What satisfaction is it, thus to transport ourselves, in thought, into the apostolic ages, there to contemplate the wonders of redemption! For this is the effect which study produces, of those exquisitely conclusive and irresistible proofs which demonstrate the truth of this great event: it transports us into the apostolic ages; it enables us to behold with the mind's eye what we cannot behold with the eyes of the body. After having thus torn up incredulity by the roots, with what an ecstacy of holy delight may the Christian approach the table of the Lord, with full conviction of soul, and say to him with Thomas: "My Lord and my God. The heartaffecting persuasion I have of what thy love has done for me, elevates, penetrates, overwhelms

me. It will render easy to me the most painful proofs which it nray please thee to presoribe to my gratitude. My Lord and my God, my Lord and my God, I regret all the time I have devoted to the world and its pleasures: henceforward I will think of thee, and thee only: I will live to thee, and thee only. Accept the dedication which I now make. Bear with the weakness in which it is made: approve the sincerity with which I this day come to break off the remaining attachments which fetter me down to the world; and to bind closer those of my communion with thee, the only worthy object of love and desire."

How blessed shall we be, my beloved brethren, in thus penetrating through the obscurity of the past! Blessed are they who have not seen, and yet have believed.

2. But let us likewise penetrate through the darkness of futurity. Let hope supply to us the want of possession. How shall it, henceforth, be possible for us to entertain suspicion against the faithfulness of God's promises? Behold on that table what God is capable of doing in our behalf. Behold by what miracles of love-O miracles of the love of God, we want language to express thee, as we want ideas to conceive thee! but behold on that table, behold by what miracles of love he has prevailed to make us the rich present of his own Son, to expose him, for our sakes, to all that series of suffering which has been the subject of our meditation during the weeks which commemorate the passion.

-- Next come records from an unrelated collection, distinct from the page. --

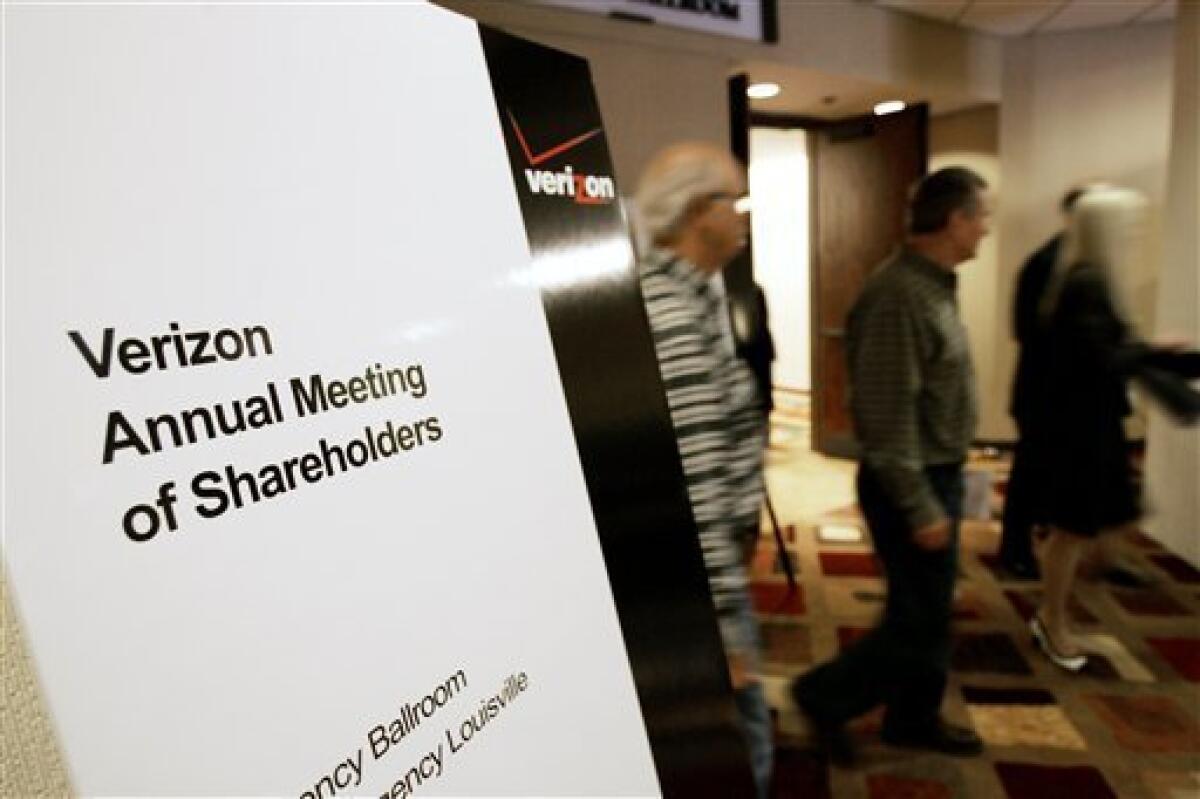 Shareholders leave the Verizon Communications Inc., annual meeting in Louisville, Ky., Thursday, May 7, 2009. Shareholders overwhelmingly endorsed the pay package for its top executives.(AP Photo/Ed Reinke)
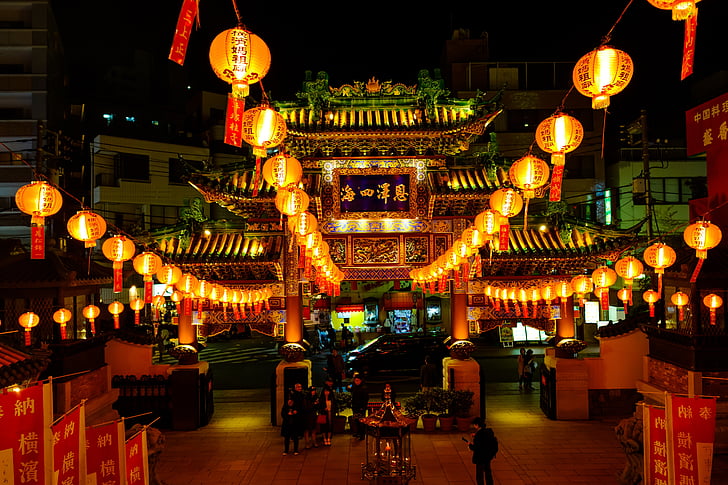 brown temple with chinese lanterns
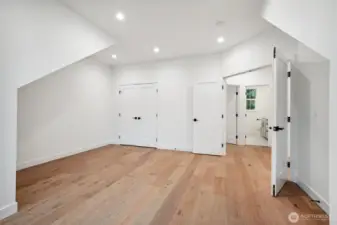 This bedroom has double french doors so could also make a great upstairs TV/rec room.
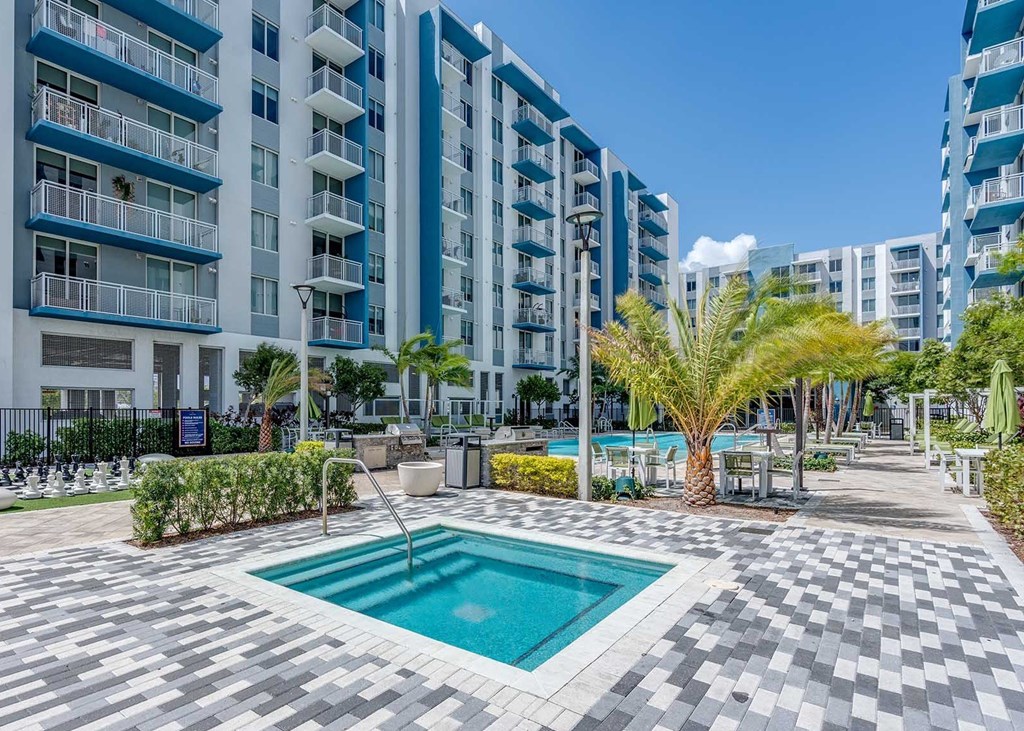 A swimming pool in the middle of a tiled area surrounded by palm trees and bushes.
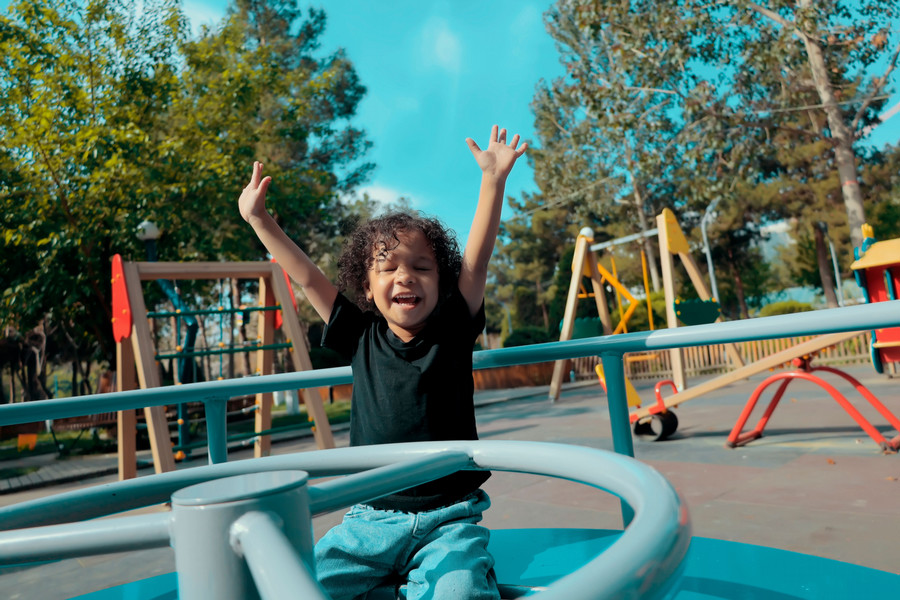 Child waving their arms while at a sunny playground.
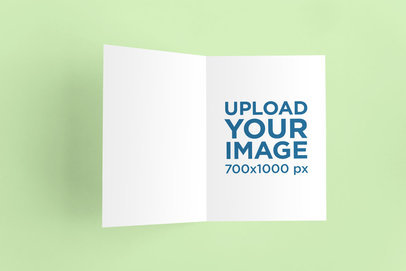 Mockup of an Open Greeting Card Placed on a Flat Surface 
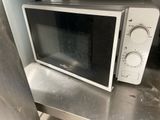a microwave sitting on top of a metal counter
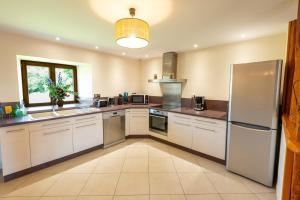 a large kitchen with white cabinets and a refrigerator at Gîte du boy 8 personnes in Lanuéjols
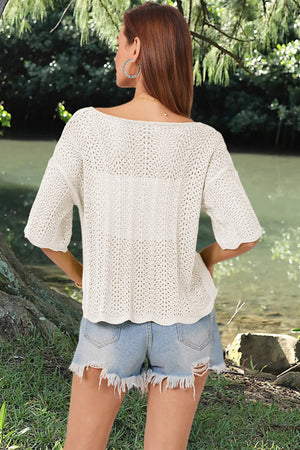 Cream open-knit blouse with scalloped hem and short sleeves, featuring a boat neckline.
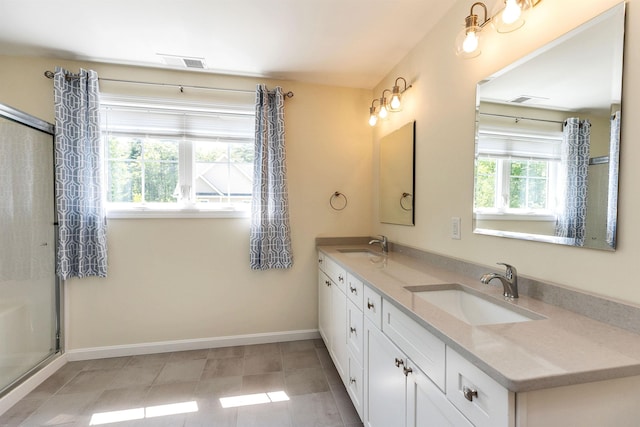 264 Woodview Way, Manchester, NH 03102 - full bathroom with double vanity, baseboards, an enclosed shower, and tile patterned floors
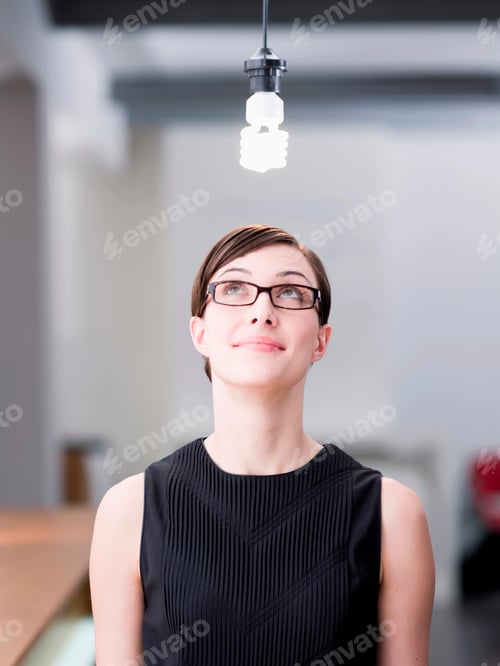 Preview: Woman looking at a light bulb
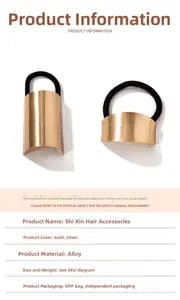 Detailed close-up of metallic alloy hair tie showing polished gold finish and elasticity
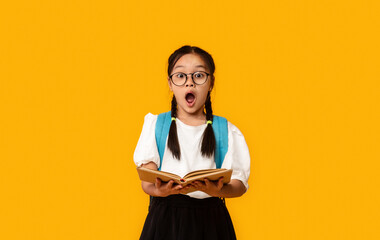 Shocked Elementary School Girl Holding Book Standing On Yellow Background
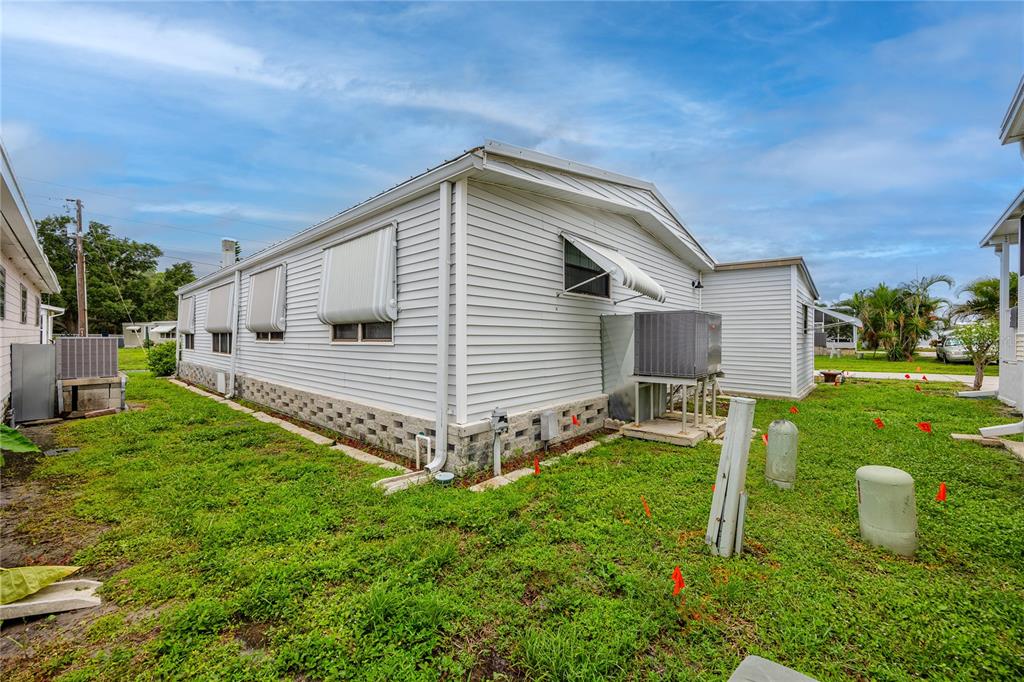 The exterior of a white mobile home features metal awnings and a concrete block foundation — 6821 AMERICANA DRIVE NE UNIT 106, ST PETERSBURG, FL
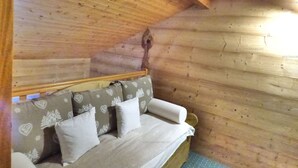 A cozy wooden cabin room with a bed, pillows, and a sloped ceiling.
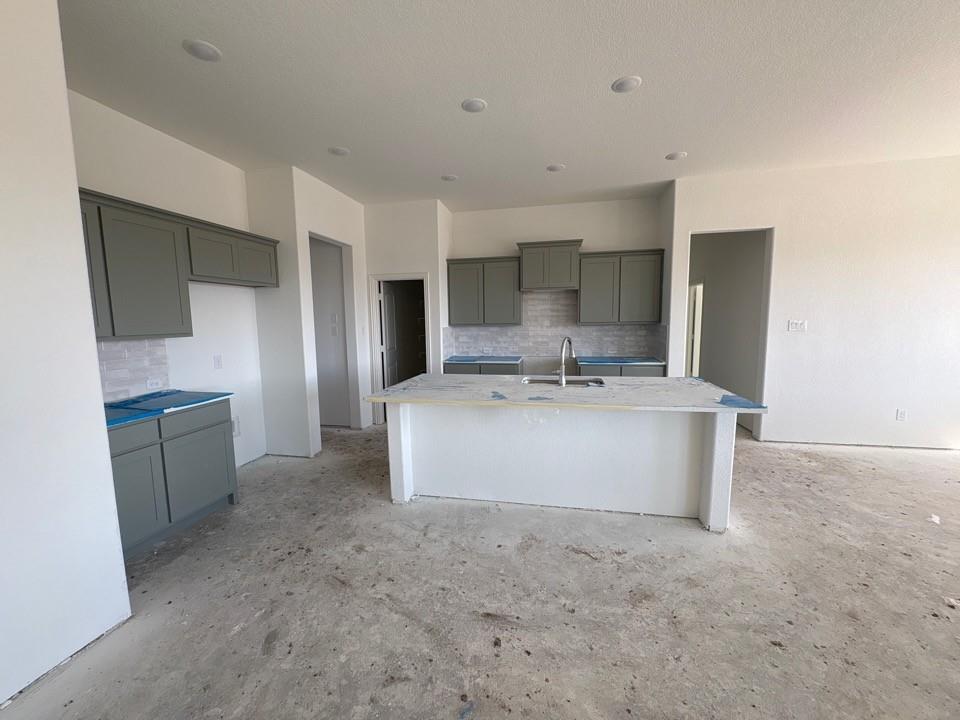 780 County Road 200 Valley View, TX 76272 - Photo 3 of 8 a view of kitchen with stainless steel appliances granite countertop a sink a stove top oven a refrigerator and white cabinets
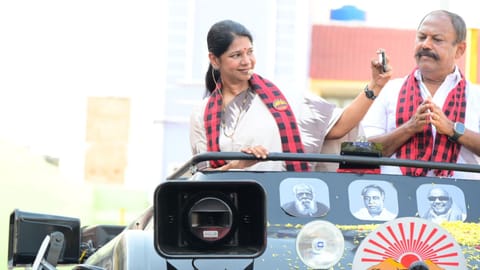DMK MP Kanimozhi taking a selfie during an election rally in Namakkal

Is it possible for us to believe that a God so gracious and so compassionate could have created us to render us for ever miserable? Is it possible to believe that a God so great and so munificent should limit his bounty toward us, to the good things granted us here below, to that air which we breathe, to the light which illuminates this world, to the aliments which sustain these bodies? Nay is it possible for us to believe that he should permit us to remain long in this world, exposed to so many public and private calamities to war, to famine, to mortality, to the pestilence, to sickness, to death? Away with suspicions so injurious to the goodness of our God. He that spared not his own Son, but delivered him up for us all, how shall he not with him also freely give us all things? Rom viii. 32. Let us indulge ourselves in feasting on the deliciousness of this hope: let us not destroy the relish of it, by wallowing in the pleasures of sense: let us habituate ourselves to pursue happiness, in a conviction of the felicity prepared for us in another world.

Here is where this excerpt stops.